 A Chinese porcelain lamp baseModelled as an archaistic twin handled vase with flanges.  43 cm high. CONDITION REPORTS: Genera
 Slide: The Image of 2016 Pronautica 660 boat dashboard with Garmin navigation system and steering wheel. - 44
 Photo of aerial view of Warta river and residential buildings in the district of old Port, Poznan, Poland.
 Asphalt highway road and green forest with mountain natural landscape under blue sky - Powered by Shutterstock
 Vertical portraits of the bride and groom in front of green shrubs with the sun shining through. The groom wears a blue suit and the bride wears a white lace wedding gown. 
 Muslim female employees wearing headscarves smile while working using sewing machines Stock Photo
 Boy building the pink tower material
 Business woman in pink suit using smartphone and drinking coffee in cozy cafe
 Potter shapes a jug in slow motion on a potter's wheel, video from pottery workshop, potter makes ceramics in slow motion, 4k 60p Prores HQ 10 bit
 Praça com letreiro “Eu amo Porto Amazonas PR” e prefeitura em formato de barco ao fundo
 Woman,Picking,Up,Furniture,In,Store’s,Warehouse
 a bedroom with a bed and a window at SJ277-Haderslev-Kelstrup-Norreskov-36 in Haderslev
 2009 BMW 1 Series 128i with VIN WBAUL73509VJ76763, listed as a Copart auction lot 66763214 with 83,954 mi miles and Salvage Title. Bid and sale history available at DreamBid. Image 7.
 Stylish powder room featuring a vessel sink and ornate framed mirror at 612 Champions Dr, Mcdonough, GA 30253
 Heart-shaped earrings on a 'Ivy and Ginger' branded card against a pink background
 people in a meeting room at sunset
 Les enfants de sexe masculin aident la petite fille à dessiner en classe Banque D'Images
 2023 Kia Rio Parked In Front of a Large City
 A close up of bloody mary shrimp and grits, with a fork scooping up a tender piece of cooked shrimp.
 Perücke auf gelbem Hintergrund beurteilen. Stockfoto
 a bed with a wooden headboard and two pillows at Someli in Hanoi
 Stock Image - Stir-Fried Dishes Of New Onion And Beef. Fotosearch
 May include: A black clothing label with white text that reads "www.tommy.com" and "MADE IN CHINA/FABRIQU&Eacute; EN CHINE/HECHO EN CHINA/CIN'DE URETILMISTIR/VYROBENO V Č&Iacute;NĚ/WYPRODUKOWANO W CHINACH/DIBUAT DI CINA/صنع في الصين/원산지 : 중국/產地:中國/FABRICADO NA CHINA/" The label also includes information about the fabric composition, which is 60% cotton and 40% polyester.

◆ Work task
Wherever the string "blue" appears in a line above, copy that line.

◆ Written answer
 Asphalt highway road and green forest with mountain natural landscape under blue sky - Powered by Shutterstock
 Vertical portraits of the bride and groom in front of green shrubs with the sun shining through. The groom wears a blue suit and the bride wears a white lace wedding gown. 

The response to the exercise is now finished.